Too Busy For Words - the PaulWay Blog

Sat 9th Dec, 2006

Tomorrow's Atheist

I recently read "The God Delusion" by Richard Dawkins. I heard about it from a guy coming into the Woodcraft Guild shed when I was there one fine Thursday, and loudly proclaiming that he'd had to do a review on a book he hated. His impression of it was of an author with a big agenda and with little sympathy for those who don't see his way. "What is it, then?" I asked jovially; "The God Delusion", he replied. With that recommendation, I had to buy it.

I do feel that the above anonymous reviewer is right to a certain extent: especially in the earlier chapters, Dawkins comes across as unsympathetic - to put it mildly - of people who are either sympathising with religion or trying to play nice around it. Even the title can come across as a bit arrogant, although he points out in the introduction that the word "Delusion" has the right dictionary definition but the wrong social overtones for his intended use.

But I think he does this with good reason. Dawkins mentions Stephen Jay Gould's book "Rocks of Ages", which advances the idea of "NOMA", or Non Overlapping Magisteria. Basically, science can explain everything that we see in the physical world, religion offers explanations of what happens before and after we're around to experience it, and various other Magisteria (such as Art and Ethics) have their own fields to explain. If they could all just keep within their own fences - and not have an artist criticising a scientist on whether the Second Law of Thermodynamics is aesthetically pleasing or culturally relevant, or a swami telling us that cows are more important than humans - then everyone would be getting on just fine. Dawkins says

But I believe, as I think Dawkins does, that that doesn't happen. In particular, religion knows no bounds to what it should control. It tries to tell us how the world was made, how to run our lives, and what is good and bad art. I'm sure there are other magisteria that it (generically speaking) tramples on. The Declaration of Human Rights (article 18) allows for freedom of religion, but many religions don't allow you to pick and choose: in some, you can be stoned to death for changing your mind. And yet if you try to take their religion away, they will demand that you stick to the same declaration that they deny other people. These people aren't just about sitting in their corner being nice, these people are about telling others how to run their lives. (This also goes for more 'mild-mannered' religions such as Church of England, for reasons that Dawkins elaborates.) And all from a set of stories which make no sense, which teach lessons that have to be heavily 'interpreted' to avoid the obvious flaws, and which have as much justification for being a basis of a moral and ethical code as, say, this one I found.

But, obviously, I'm biased.

To get a less biased opinion of what people think of the book, I looked at its page on Wikipedia.

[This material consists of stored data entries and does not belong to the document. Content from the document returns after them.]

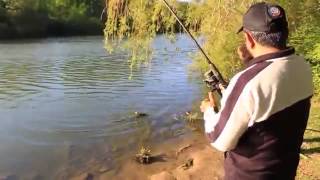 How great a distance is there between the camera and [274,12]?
9.40ft

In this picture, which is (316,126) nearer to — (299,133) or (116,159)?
(116,159)

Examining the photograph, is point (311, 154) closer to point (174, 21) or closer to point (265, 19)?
point (174, 21)

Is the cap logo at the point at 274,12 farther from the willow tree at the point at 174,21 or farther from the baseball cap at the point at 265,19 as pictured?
the willow tree at the point at 174,21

From this I got the impression that, while religious people may like to feel a bit superior over 'non-believers' from time to time, they hold no candle to book reviewers. Book reviewers are instantly better than the author that wrote the work, and instantly know far more about the subject and are better qualified than the author to choose what should have gone into the book. Many of the reviews mentioned on the Wikipedia page propose that Dawkins didn't really understand the field of religion, philosophy or human nature well enough, and therefore his book is fundamentally flawed.

I can't help but feel that there's none so blind but those that don't want to see. It's not a book criticising every aspect of Christianity, or a book elaborating on every facet of human morality, or a total proof that evolution is the only true way that life on Earth has come to be. It touches on all those subjects briefly, to make a few points that cover the main areas of discussion, before moving on. Its fundamental point is made right at the start: that we sometimes don't know that we can try a new thing or choose not to do something. The God Delusion seeks, in my opinion, only to be a "consciousness raiser" for the general topic. This is why he includes a helpful list of atheist groups for people to turn to for further information, and he lists his references so that other people can learn from the sources he's read. The Bible has far more glaring omissions than this book, yet none of the reviewers want to subject it to the same scrutiny.

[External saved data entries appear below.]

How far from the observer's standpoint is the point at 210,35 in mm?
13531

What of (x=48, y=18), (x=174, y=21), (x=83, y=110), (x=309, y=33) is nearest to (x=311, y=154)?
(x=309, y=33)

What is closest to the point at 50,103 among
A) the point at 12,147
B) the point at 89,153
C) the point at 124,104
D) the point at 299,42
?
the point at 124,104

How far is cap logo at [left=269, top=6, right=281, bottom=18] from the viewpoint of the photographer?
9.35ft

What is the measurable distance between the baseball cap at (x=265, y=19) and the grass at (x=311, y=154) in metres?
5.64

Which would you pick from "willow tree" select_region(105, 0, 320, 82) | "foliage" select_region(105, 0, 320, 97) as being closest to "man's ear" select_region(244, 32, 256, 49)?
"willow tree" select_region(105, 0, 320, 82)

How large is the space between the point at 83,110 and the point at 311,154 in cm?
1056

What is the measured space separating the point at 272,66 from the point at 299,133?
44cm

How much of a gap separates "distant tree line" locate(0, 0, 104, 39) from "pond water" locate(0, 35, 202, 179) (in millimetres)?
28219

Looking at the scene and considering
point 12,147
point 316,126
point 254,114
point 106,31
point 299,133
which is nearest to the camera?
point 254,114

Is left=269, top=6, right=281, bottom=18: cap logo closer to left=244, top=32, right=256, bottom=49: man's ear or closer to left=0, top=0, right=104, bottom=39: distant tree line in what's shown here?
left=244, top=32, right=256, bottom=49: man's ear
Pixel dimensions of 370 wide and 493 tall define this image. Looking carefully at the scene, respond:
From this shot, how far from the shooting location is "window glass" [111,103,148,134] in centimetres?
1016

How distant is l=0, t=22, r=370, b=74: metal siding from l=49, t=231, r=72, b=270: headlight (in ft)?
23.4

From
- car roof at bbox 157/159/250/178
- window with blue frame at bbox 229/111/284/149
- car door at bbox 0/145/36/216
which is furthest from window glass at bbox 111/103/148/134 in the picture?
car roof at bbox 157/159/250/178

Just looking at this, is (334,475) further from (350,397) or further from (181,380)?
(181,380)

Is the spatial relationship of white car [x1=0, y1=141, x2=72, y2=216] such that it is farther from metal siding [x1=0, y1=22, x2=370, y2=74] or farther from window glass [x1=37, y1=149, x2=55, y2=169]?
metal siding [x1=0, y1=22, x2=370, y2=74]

I could ramble on for much longer - I did, but I trimmed it out as being otiose - about the good things this book says. Ultimately we must make our own minds up - even about whether we believe what Dawkins has to say. The God Delusion, by advocating such scrutiny even of itself, is far more intellectually and morally justifiable than any religion which tells people to take everything, ultimately, on faith alone.

P.S. I read a letter in the paper from a theist who attacked the book. Tiresomely, he just reiterated Pascal's Wager and St. Thomas of Aquinas's arguments, which Dawkins has already expertly rebutted. The thing that worries me most about the theistic scholar is their tendency to just rehash existing arguments and quote secondary and tertiary analyses; in their attempt to get the high ground, they just end up making even taller and more precarious towers to stand on. Tedious.